Im currently running VMware on XP. i have installed a PCI realtek network in addition the the onboard VIA one. i have downloaded the appropriate pfsense VMware appliace from the website and am trying to set it up.

it runs but at the moment it only see 1 network adapter. i want to be able to use the WAN (onboard) and the LAN (NIC card). i can add an additional network card as NAT in the settings but am none the wiser as i cannot identify which connection is what..

i was hoping to test this out the device(s) connected to the NIC network adapter would be behind the firewall.

i have looked on the pfsense forum, but havent found anything. i will look further into this later, but any ideas on where im going wrong?

my router gives out a 192.168.1.x (255.255.255.0), so im guessing that my pfsense firewall (VM) would have a 192.168.1.x address too?? i have seen on other sites that the pfsense is on a different subnet eg. 10.10.10.10???

confused..


----------



## Phou (May 26, 2011)

You should have 2 network adapter in pfsense VMware setting.

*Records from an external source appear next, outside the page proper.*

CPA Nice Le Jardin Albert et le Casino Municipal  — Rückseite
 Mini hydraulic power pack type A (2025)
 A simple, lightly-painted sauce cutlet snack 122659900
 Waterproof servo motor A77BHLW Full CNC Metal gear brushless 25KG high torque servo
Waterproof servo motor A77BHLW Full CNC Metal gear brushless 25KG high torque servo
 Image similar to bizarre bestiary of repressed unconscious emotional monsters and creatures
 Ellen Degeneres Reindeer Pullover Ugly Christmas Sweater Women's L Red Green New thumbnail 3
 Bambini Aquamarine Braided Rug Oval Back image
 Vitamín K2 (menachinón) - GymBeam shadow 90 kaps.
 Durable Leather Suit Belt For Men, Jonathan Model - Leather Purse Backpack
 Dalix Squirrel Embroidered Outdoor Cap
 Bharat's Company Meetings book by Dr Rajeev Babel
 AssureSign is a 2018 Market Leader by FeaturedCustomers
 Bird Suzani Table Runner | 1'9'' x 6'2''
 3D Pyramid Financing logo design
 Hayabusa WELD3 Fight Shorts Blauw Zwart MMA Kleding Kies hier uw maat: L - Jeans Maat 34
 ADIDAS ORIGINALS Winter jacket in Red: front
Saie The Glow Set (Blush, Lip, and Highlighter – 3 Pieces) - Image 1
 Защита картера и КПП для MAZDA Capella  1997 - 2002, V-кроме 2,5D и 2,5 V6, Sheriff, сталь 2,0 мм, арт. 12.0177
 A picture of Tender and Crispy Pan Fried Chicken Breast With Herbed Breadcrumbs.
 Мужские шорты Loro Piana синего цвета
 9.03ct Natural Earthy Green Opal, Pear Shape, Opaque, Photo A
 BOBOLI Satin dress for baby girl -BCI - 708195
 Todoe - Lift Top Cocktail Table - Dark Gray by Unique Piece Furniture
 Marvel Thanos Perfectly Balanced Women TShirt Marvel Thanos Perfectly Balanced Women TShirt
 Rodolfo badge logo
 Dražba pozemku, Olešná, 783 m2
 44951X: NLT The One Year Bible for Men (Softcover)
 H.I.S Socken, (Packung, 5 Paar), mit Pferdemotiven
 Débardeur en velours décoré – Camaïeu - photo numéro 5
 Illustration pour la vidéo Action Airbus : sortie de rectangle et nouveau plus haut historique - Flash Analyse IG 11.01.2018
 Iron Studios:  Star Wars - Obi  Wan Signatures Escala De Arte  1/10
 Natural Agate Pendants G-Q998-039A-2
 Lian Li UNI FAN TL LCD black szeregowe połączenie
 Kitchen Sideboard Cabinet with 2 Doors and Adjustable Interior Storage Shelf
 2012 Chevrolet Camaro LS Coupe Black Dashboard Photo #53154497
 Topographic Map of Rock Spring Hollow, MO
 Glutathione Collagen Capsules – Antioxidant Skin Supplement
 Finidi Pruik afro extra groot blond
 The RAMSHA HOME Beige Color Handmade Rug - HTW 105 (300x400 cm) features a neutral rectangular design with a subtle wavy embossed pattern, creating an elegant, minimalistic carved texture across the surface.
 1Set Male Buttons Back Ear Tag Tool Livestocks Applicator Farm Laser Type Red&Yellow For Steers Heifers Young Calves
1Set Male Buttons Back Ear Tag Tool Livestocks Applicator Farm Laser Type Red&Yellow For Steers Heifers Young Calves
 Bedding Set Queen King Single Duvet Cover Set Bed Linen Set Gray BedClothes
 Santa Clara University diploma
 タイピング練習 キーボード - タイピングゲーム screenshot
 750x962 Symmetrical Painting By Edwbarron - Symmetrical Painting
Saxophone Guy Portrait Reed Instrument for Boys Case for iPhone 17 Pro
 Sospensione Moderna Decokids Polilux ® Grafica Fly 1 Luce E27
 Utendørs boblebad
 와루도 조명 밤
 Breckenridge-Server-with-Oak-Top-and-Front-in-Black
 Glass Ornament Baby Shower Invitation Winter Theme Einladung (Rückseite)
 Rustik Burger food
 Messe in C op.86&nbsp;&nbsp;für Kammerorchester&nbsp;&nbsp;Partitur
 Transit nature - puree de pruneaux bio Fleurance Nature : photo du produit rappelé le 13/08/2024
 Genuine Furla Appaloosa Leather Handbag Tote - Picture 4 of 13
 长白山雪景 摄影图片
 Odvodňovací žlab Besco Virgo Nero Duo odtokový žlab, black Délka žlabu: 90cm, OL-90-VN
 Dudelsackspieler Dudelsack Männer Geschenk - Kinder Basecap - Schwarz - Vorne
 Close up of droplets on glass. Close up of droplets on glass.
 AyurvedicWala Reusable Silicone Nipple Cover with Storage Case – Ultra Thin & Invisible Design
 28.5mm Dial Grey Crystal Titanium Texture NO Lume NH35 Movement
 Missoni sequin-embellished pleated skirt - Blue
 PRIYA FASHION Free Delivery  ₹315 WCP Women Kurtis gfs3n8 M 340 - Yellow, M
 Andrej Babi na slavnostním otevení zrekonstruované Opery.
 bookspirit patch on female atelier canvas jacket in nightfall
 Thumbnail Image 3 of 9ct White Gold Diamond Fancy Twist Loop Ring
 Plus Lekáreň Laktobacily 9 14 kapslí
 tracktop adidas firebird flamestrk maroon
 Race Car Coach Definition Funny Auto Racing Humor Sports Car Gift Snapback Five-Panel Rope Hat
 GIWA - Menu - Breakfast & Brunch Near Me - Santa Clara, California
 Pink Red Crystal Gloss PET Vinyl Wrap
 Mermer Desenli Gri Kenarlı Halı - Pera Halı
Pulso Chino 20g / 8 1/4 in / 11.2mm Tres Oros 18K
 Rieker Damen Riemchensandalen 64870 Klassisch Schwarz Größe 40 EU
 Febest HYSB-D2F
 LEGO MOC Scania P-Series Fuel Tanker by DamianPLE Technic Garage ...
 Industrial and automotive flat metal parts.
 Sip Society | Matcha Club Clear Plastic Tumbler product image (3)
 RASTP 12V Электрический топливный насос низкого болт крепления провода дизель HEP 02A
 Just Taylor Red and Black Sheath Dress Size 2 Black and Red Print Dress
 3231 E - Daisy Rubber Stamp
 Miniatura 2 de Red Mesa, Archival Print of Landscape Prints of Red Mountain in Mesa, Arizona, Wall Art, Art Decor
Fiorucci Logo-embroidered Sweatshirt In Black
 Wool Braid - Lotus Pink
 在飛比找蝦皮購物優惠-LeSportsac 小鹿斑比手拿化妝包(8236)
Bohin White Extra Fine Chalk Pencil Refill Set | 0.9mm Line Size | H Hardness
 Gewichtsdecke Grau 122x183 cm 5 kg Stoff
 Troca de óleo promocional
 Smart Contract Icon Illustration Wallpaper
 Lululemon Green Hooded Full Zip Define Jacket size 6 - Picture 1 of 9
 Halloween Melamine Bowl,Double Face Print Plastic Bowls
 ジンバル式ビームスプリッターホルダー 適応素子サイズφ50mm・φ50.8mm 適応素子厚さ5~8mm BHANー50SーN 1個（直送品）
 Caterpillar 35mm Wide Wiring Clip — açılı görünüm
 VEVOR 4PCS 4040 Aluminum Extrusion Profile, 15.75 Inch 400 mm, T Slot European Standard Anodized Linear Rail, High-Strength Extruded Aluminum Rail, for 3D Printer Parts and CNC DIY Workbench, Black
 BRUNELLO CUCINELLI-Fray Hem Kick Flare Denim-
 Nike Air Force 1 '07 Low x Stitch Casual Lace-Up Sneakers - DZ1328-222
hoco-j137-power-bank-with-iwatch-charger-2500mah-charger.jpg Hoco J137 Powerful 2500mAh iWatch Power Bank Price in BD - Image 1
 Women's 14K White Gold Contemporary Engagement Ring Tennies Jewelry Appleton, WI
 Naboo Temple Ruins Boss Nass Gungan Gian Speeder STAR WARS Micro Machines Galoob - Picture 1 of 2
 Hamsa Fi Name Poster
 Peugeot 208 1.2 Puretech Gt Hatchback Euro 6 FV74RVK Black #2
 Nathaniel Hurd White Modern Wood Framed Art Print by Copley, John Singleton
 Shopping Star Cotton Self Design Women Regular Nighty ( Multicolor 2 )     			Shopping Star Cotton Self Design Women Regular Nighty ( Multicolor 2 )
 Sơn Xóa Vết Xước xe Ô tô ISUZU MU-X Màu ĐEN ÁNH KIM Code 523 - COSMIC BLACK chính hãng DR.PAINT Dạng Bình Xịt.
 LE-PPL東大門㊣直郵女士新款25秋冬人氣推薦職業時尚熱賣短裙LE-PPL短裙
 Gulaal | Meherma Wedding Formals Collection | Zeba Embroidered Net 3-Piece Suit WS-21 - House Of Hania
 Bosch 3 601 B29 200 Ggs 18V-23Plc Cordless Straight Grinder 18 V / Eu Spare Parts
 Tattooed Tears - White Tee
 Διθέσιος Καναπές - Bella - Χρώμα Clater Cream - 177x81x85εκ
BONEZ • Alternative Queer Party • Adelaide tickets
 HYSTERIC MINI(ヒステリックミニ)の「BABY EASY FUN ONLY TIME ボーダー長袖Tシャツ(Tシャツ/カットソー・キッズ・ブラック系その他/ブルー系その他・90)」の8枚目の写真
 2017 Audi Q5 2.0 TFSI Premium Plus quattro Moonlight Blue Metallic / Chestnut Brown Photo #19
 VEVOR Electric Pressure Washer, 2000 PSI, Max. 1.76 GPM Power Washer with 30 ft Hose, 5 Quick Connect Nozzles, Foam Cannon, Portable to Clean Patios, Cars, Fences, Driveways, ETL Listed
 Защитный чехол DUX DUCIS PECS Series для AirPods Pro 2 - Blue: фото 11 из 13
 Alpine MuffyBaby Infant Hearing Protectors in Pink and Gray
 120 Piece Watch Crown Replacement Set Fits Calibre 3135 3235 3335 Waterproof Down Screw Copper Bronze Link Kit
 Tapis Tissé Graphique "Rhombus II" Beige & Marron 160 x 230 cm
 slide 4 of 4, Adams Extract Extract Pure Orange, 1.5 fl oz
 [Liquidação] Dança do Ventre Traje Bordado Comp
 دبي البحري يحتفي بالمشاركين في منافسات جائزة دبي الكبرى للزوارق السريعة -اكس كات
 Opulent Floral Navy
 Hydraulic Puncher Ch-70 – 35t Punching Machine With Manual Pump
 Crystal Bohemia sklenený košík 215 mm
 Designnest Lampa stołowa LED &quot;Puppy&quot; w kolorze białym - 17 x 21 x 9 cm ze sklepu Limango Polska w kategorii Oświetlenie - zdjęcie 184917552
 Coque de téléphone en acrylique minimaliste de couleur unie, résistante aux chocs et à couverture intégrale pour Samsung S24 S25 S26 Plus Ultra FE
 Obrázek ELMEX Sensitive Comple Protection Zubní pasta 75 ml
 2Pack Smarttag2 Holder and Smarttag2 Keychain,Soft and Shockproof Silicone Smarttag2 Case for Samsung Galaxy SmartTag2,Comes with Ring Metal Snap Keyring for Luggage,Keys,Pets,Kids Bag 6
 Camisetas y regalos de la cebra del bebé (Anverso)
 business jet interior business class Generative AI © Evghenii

First one should be set to bridged, this will be your WAN and will gather the IP information from your router which will be in the 192.168.1.xxx network. Second one is the LAN and should be in a team segment, you need to create a team first to see this option available, then add the pfsense machine.

Power up the pfsense, select option 1 (Assign Interface), em0 should be WAN, em1 is LAN. Select option 2 (Set LAN IP address), set the IP to something like 192.168.2.1 subnet 255.255.255.0, this will be a different network from the WAN interface.

Add a machine to the team, make sure the network adapter is on the team LAN segment, if done correctly the machine should grab the IP information from the pfsense DHCP server if enable, then you should be able to access the web configuration.

Hopes this help.


----------



## A_D (May 29, 2006)

Phou said:


> You should have 2 network adapter in pfsense VMware setting. First one should be set to bridged, this will be your WAN and will gather the IP information from your router which will be in the 192.168.1.xxx network. Second one is the LAN and should be in a team segment, you need to create a team first to see this option available, then add the pfsense machine.
> 
> Power up the pfsense, select option 1 (Assign Interface), em0 should be WAN, em1 is LAN. Select option 2 (Set LAN IP address), set the IP to something like 192.168.2.1 subnet 255.255.255.0, this will be a different network from the WAN interface.
> 
> ...


what is meant by replicate network connection state (under Bridged)? sorry if its a stupid question...i most probably need a pfsense for dummies guide:4-dontkno


----------



## Phou (May 26, 2011)

That's for laptops that switches between wireless and wired.


----------